A distanza di sette anni da La cena, romanzo con cui lo scrittore olandese Herman Koch ha raggiunto la fama internazionale, esce in Italia Il fosso (edito da Neri Pozza – traduzione di Giorgio Testa), storia di un politico (Robert Walter), sindaco di Amsterdam, che, ossessionato dal probabile tradimento di sua moglie, inizia a dedicare alla vita privata l’attenzione che fino ad allora ha concesso solo alla carriera. Riesce così a uscire da se stesso e osservarsi mentre parla con il presidente francese in visita in Olanda, cerca di sabotare il progetto di una centrale eolica, ignora una minaccia di suicidio di un suo collaboratore scoperto a rubare, partecipa al funerale del collaboratore che si è ‘inopportunamente’ suicidato, cerca di dimostrarsi sempre il più arguto, spiritoso e affasciante fra gli uomini presenti in una sala. 


La continua maschera che deve indossare, non sembra però dargli lo stesso piacere di un tempo, ma ammettere che forse non gliene ha mai dato vorrebbe dire accettare che tutta la sua vita non ha avuto senso. E allora è molto meglio concentrarsi su sua moglie Sylvia, sulle sue intemperanze, sui suoi cambi di umore, sul suo essere così sicura di cosa sia ‘bene’ e ‘male’, comportamenti ‘tipici’ della sua meridionalità (Sylvia è originaria di un paese del sud Europa di cui Robert non ci vuole dire il nome, per non far capire verso chi si indirizzano i suoi pregiudizi). Inizia così un viaggio nella mente del protagonista, cui il lettore partecipa immedesimandosi subito con l’uomo che si nasconde dietro il sindaco di Amsterdam. Insicuro, egoista, capace di ignorare tutto e tutti pur di ritagliarsi dieci minuti di tranquillità, Robert incarna in sé tutte le nostre debolezze, senza vergognarsene, ma legittimandole, almeno nei dialoghi con se stesso.  

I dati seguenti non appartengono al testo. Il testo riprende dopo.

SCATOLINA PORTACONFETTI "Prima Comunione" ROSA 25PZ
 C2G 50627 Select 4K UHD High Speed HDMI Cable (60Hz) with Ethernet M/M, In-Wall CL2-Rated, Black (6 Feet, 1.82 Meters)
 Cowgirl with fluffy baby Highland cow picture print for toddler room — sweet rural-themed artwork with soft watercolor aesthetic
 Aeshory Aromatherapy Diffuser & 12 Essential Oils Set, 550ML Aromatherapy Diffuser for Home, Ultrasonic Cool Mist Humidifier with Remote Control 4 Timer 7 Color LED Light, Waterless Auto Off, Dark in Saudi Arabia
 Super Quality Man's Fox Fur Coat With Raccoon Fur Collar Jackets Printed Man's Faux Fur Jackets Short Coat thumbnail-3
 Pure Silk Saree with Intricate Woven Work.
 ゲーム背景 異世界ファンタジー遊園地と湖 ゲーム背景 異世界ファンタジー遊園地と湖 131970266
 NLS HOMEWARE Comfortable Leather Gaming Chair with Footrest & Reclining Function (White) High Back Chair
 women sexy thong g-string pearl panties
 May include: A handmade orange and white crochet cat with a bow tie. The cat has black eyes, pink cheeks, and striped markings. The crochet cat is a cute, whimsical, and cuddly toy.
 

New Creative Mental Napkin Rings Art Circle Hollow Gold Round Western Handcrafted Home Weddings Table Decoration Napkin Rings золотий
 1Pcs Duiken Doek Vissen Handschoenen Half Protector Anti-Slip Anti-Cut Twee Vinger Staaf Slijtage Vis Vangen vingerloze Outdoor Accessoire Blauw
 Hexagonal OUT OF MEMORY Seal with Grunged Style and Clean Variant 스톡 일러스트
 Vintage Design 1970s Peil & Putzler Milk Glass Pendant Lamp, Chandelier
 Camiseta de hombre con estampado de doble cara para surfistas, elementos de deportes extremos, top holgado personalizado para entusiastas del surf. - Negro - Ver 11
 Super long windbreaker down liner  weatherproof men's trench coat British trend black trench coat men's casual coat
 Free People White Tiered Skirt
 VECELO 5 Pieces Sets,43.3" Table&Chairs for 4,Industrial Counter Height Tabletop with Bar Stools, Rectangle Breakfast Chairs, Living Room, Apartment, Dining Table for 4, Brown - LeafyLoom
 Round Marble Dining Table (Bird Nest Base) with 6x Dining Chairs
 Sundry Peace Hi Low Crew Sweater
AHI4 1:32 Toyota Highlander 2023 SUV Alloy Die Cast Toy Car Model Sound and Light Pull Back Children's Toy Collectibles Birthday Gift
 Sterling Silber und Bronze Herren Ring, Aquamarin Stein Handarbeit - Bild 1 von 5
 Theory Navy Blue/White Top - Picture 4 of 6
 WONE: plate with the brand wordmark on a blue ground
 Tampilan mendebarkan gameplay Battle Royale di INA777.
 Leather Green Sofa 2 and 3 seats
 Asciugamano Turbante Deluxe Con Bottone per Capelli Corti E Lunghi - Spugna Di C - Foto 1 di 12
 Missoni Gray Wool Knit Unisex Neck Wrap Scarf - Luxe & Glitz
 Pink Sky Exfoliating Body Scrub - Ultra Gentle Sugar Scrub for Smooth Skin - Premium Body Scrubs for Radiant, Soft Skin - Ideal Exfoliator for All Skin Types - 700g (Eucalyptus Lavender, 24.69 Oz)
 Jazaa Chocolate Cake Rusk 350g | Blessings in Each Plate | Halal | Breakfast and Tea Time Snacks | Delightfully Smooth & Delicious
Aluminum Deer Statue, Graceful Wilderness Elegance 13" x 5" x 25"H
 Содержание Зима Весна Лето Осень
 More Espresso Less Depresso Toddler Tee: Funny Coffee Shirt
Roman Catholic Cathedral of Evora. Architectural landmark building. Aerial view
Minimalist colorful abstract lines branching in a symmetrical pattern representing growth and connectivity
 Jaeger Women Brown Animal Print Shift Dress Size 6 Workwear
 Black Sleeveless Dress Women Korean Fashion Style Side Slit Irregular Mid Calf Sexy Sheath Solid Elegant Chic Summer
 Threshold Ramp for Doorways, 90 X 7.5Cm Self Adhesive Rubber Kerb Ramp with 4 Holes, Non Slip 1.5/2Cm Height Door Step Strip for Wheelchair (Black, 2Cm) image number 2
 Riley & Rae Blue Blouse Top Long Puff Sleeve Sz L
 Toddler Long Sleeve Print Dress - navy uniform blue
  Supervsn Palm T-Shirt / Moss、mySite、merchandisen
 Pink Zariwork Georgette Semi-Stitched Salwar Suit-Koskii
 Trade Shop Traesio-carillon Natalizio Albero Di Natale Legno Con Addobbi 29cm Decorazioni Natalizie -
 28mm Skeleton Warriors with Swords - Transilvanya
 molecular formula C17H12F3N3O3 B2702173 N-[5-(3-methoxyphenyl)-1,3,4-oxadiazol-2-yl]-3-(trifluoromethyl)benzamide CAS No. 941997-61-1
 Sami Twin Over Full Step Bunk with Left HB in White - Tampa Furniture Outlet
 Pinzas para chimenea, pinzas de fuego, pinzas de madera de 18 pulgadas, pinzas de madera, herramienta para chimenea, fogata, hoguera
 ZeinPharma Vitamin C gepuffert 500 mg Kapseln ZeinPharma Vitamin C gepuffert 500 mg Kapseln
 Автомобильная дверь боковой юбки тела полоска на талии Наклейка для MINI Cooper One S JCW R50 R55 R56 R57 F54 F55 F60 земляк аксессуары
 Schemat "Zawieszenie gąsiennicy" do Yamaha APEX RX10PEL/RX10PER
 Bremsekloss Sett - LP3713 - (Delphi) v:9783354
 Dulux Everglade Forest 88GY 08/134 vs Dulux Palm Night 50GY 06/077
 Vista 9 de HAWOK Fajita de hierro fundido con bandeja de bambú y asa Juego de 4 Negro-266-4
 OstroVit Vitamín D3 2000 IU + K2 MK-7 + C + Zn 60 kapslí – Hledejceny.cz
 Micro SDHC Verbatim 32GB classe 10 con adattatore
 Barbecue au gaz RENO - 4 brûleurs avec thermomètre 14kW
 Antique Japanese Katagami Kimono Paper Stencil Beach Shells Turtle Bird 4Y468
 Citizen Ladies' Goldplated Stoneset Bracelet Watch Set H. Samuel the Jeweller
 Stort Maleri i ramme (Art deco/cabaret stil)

Narrato in prima persona da Herman Koch, Il fosso è una corsa sulle montagne russe dei ricordi del suo protagonista che inizia a scandagliare la propria vita per capire dove e se è iniziato l’inganno. Forse quando era con il suo migliore amico Bernard, «stesi su un prato con le teste una vicina all’altra e un filo d’erba fra i denti, a fissare il cielo blu. Ragazzini che prima cercavano di scoprire animali e altre forme nelle nuvole di passaggio, ma poi passavano a fantasticare su cosa c’era dietro quelle nuvole». Oppure quando, grazie all’insistenza di Bernard, ha incontrato sua moglie in un minuscolo paesino lontano da tutto, e lei lo ha scelto non perché se ne era innamorata, ma perché diverso da tutti gli altri uomini: debole, dolce, incapace di tradirla. O ancora quando, ascoltando suo padre che gli comunica che ha deciso di porre fine alla sua vita, Robert non è in grado di dire nulla per fermarlo. L’inganno è sempre presente, forse perché Robert stesso ne è l’incarnazione. E se Kock si è confrontato con il dilemma del flusso di coscienza (quando e per quanto tempo è possibile lasciarlo scorrere senza che il lettore perda l’orientamento) con esiti non sempre fluidi, dobbiamo dare il merito all’autore di aver costruito tutta la narrazione attorno a un unico interrogativo: Perché scendiamo a compromessi? Perché ignoriamo chi ci ama pur di non ammettere con non ci ama più? Perché la praticità prevale sull’etica? Perché democrazia e bellezza non possono andare d’accordo? Perché è necessaria una pesante dose di alcol per dire la verità? Perché fare la cosa giusta per se stessi è sbagliato per tutti gli altri? Tutte domande che si pone e ci pone il protagonista de Il fosso, non trovando mai una risposta soddisfacente, ricordandoci così che: «la più grande sfida che è stata posta a memoria d’uomo è il perché», sfida da cui nessuno di noi è esente.